Letter: What could possibly go wrong with diversions?
So, the Front Range is scaremongering again. Let us suck the water out of the high-country rivers or you will drown in a flood — like Sodom and Gomorrah — oh wait, that was brimstone and fire. It’s so difficult to keep track. Sure, diversions are something we’ve done a lot, so why not just keep doing what we have been doing all along. I mean, what could possibly go wrong?

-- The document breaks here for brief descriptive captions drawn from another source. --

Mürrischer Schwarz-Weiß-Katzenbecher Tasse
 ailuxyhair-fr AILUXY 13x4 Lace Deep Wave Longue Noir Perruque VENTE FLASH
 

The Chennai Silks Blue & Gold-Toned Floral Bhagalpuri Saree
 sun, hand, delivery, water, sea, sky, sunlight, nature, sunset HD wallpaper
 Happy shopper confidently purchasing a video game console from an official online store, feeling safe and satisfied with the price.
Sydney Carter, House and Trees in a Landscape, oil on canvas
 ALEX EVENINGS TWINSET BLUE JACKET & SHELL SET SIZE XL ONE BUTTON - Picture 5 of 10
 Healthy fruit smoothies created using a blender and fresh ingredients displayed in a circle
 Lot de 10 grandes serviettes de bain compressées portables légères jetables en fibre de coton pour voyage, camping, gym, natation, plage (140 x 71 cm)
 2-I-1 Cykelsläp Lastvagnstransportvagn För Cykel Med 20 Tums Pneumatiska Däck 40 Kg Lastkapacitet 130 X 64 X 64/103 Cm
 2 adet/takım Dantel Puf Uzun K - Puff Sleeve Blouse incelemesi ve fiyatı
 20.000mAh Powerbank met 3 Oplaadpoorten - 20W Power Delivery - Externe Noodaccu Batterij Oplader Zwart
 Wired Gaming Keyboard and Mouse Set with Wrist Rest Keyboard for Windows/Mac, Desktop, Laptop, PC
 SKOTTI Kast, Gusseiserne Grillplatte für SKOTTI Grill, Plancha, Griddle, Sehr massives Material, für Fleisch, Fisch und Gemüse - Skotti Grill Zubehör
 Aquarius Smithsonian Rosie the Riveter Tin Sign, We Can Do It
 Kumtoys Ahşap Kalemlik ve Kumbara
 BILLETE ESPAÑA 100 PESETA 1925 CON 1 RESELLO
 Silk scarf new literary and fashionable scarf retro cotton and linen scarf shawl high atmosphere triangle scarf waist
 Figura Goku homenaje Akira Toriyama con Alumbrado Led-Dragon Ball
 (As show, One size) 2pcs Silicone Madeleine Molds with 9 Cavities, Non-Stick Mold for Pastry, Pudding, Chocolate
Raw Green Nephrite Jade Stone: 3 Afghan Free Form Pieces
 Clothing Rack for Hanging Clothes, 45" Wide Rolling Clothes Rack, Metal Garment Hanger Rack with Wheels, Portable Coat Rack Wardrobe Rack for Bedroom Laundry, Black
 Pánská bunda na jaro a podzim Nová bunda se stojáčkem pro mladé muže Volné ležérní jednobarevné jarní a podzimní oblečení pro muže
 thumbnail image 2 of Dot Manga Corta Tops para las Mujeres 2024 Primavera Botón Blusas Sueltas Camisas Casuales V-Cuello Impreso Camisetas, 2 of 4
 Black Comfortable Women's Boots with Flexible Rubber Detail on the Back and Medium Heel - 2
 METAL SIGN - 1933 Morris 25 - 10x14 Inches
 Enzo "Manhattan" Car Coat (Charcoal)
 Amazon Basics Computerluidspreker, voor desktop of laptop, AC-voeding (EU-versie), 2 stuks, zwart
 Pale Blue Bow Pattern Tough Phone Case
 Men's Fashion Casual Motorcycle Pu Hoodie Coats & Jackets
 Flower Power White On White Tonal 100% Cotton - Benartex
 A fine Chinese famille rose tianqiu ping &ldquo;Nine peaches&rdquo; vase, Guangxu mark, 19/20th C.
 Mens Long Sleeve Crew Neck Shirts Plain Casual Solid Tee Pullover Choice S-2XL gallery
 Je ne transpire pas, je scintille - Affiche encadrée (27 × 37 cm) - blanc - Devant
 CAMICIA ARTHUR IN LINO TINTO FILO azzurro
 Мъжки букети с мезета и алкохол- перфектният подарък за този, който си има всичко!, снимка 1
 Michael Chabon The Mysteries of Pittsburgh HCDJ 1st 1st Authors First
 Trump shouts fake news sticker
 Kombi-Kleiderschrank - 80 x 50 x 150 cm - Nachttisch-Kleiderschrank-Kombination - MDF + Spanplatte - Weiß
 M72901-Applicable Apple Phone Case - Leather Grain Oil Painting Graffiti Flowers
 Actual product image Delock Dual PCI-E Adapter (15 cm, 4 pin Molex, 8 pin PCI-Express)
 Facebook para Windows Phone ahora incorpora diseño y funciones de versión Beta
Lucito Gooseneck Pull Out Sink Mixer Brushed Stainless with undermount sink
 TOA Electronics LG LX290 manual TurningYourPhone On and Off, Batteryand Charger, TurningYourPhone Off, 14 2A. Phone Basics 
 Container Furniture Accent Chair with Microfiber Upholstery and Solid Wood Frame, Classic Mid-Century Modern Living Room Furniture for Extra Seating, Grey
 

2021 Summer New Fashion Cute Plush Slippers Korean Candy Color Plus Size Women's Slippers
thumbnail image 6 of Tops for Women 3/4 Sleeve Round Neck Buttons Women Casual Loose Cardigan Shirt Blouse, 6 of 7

“Dewatering” will not protect you from floods. In fact, it will likely increase the severity and devastation. Here’s the way it works — you diminish stream flow, which deprives the stream banks of water. The riparian areas on the stream bank die of thirst. You’re left with rocky stream banks and the water runs more swiftly and cuts deeper and deeper until you have a rocky channel or a desert wash. This is a vicious circle — the stream gets rockier and deeper, the banks disappear, the “micro burst” events become tidal waves. The way to stop this isn’t dams or “dewatering,” it’s rehabilitation of the stream bed and its banks. Think of each riparian area along the river as a sponge. Think of each bend in the river as its own little S-curve slowing the flow and creating one emergency overflow pond after another. You want to really create some flood protection? Stop shooting beavers, put the water into the soil, let it flow to the sea, support the natural systems that work just fine as long as we don’t try and “improve” them and tell the Front Range to vote “yes” on those rain barrels so that the rain they’re wasting down the storm drain can feed their precious front lawns.
I wish that the city of Aspen and Pitkin County would start implementing Bill Zeedyk and Van Clothier’s induced meandering restoration methods. It would be in Aspen Skiing Co.’s best interest as well — after all, what are we without all “man-made” snow?